:: Data under study ::

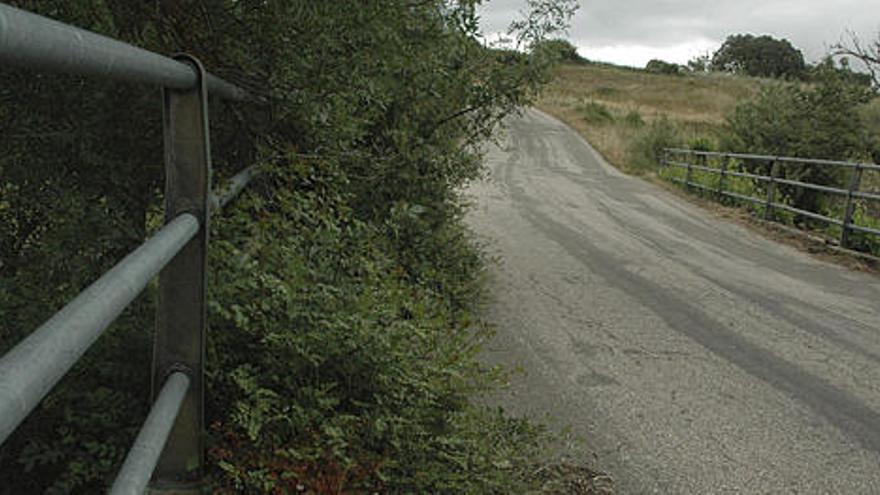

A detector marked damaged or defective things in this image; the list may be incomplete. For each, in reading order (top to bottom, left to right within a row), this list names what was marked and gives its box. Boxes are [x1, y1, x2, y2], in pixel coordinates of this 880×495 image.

cracked asphalt surface [470, 110, 880, 494]
patched road surface [470, 110, 880, 494]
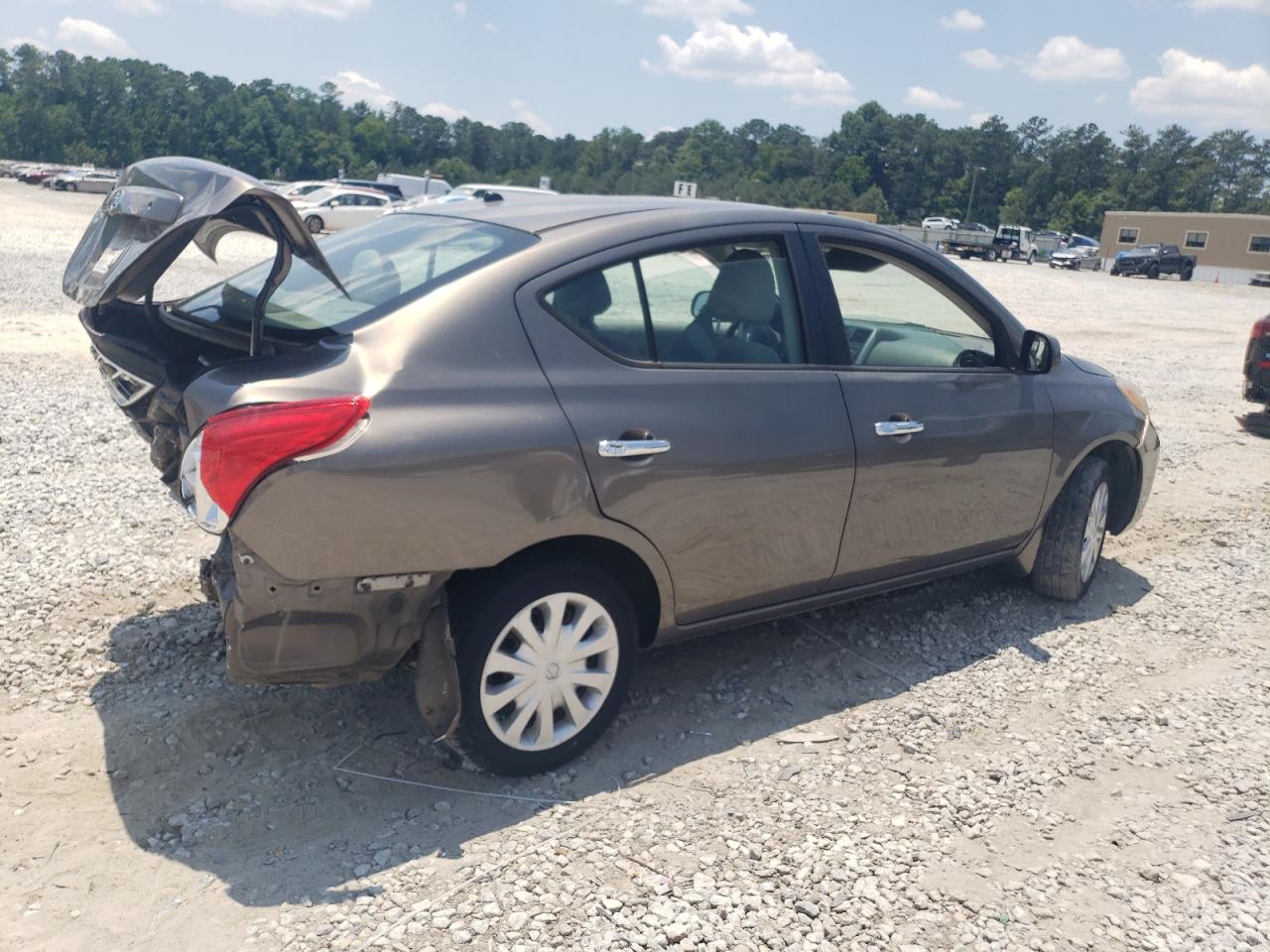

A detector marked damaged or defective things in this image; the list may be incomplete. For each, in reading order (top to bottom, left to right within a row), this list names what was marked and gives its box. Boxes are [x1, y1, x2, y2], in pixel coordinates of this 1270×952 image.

damaged rear bumper [200, 536, 448, 682]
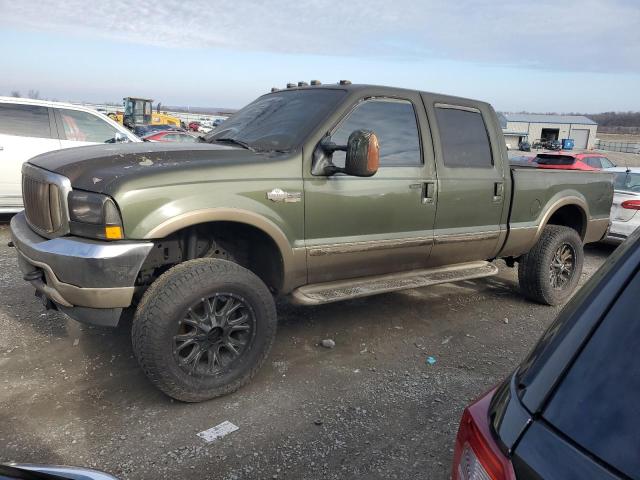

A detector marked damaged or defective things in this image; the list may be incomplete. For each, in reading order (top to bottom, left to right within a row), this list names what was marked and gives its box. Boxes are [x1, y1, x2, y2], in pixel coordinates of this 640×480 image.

damaged front bumper [10, 213, 152, 326]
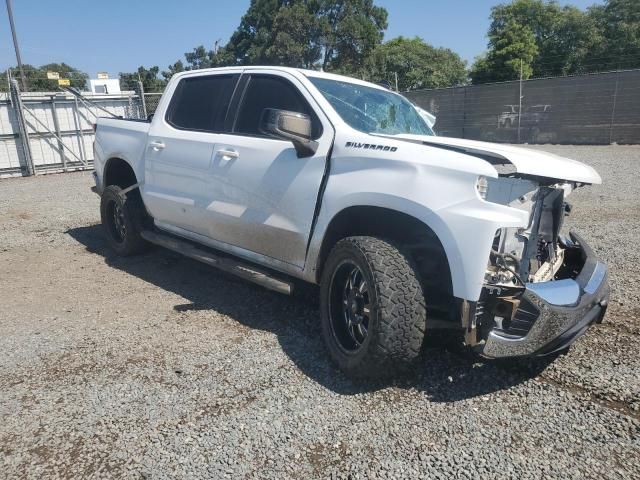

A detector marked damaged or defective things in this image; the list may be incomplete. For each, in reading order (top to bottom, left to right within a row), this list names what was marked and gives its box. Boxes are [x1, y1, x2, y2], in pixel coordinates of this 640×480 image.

damaged front end [464, 176, 608, 356]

:: Your task ::
Using the records above, extract exactly and only the lines from the one with "this 1270×952 image." through the final line, inclusive, leaving out pictures.

:: Result of this exercise ::
A detector marked damaged or defective things in this image; the list may be incomplete. For each, in reading order (top to bottom, left to right within a row), this list names what was marked and gives its box. Boxes are [x1, y1, x2, y2], in pixel coordinates of this 1270×952 image.

damaged rear bumper [200, 536, 448, 682]

A detector marked damaged or defective things in this image; the list may be incomplete. For each, in reading order (top to bottom, left to right within a row), this list names what was marked and gives its box. Boxes are [x1, y1, x2, y2], in pixel coordinates of this 640×480 image.

damaged front bumper [10, 213, 152, 326]

A detector marked damaged or defective things in this image; the list may be incomplete. For each, in reading order (top to bottom, left to right within a row), this list names what was marked and gives its box. Boxes are [x1, y1, x2, y2], in pixel coordinates of this 640×480 image.

damaged front end [464, 176, 608, 356]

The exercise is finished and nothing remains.